Web page caption snippets
Segment Open

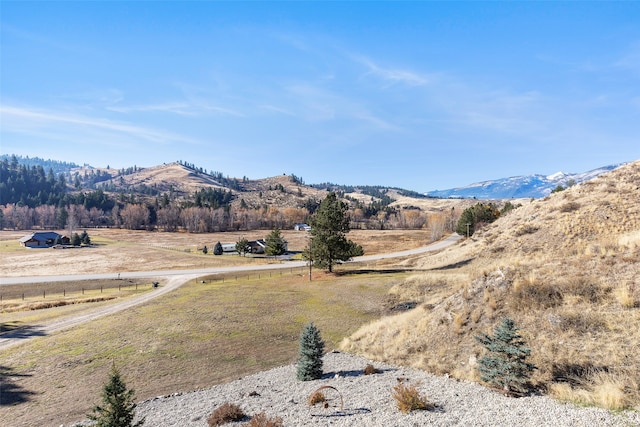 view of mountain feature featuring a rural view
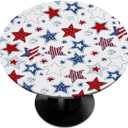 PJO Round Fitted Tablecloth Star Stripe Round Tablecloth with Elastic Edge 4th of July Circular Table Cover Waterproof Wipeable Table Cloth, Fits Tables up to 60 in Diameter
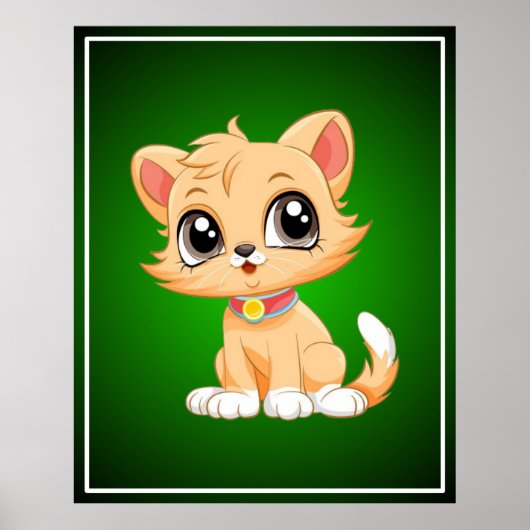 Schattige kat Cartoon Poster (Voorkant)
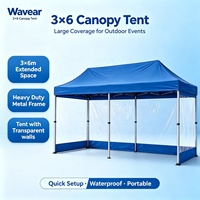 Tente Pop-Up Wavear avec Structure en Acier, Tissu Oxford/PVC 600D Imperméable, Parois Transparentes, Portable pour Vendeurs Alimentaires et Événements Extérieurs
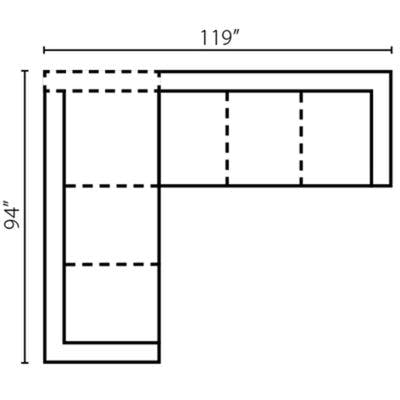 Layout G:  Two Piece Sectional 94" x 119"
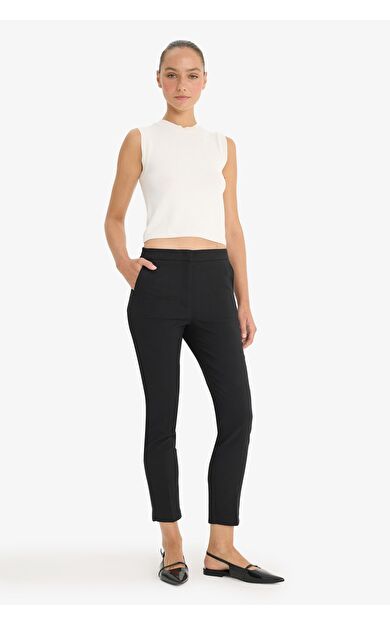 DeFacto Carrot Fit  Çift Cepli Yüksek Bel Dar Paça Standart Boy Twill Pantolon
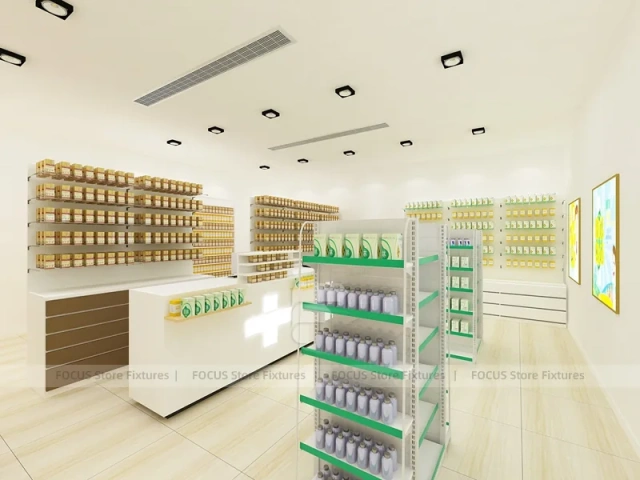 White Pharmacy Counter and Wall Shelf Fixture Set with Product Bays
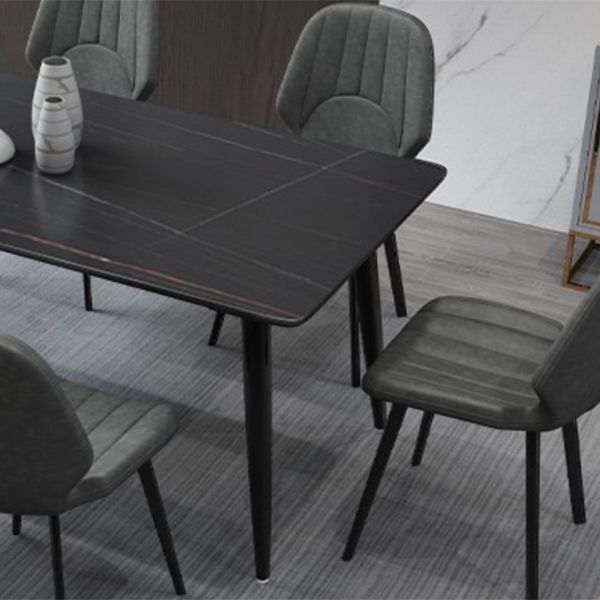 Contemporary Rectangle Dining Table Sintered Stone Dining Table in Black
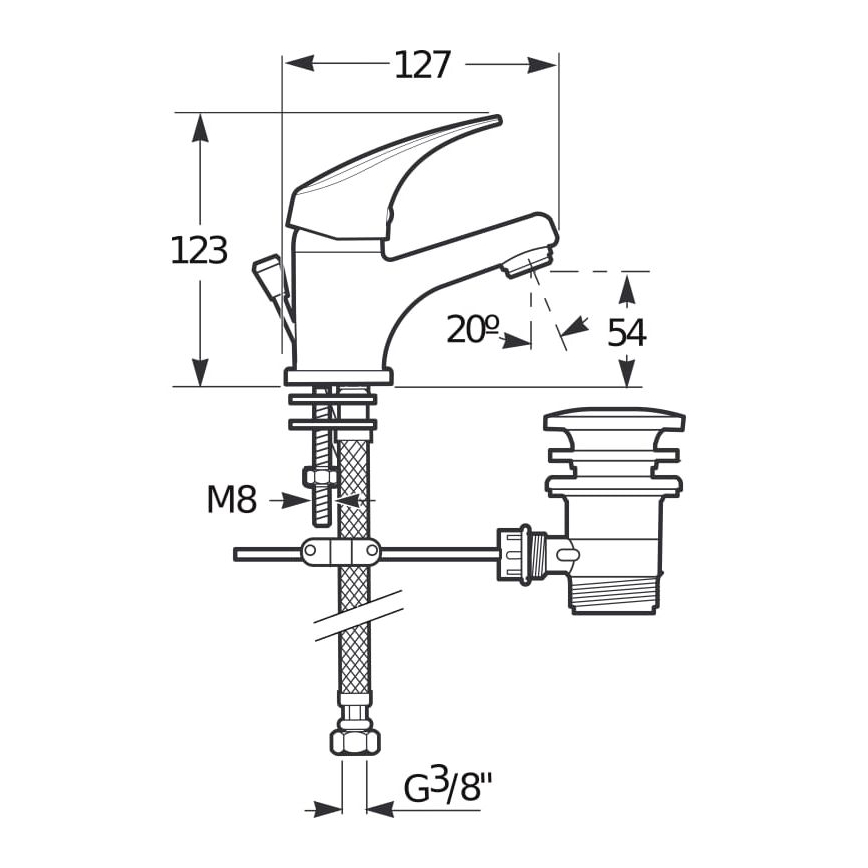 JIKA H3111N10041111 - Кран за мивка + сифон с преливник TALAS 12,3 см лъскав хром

Segment Closed

— TASK OBJECTIVE —
The copy you give must run from the line containing "Two Piece Sectional" through the last line of the records, exactly, with the pictures left out.

— EXERCISE OUTPUT —
 Layout G:  Two Piece Sectional 94" x 119"
 DeFacto Carrot Fit  Çift Cepli Yüksek Bel Dar Paça Standart Boy Twill Pantolon
 White Pharmacy Counter and Wall Shelf Fixture Set with Product Bays
 Contemporary Rectangle Dining Table Sintered Stone Dining Table in Black
 JIKA H3111N10041111 - Кран за мивка + сифон с преливник TALAS 12,3 см лъскав хром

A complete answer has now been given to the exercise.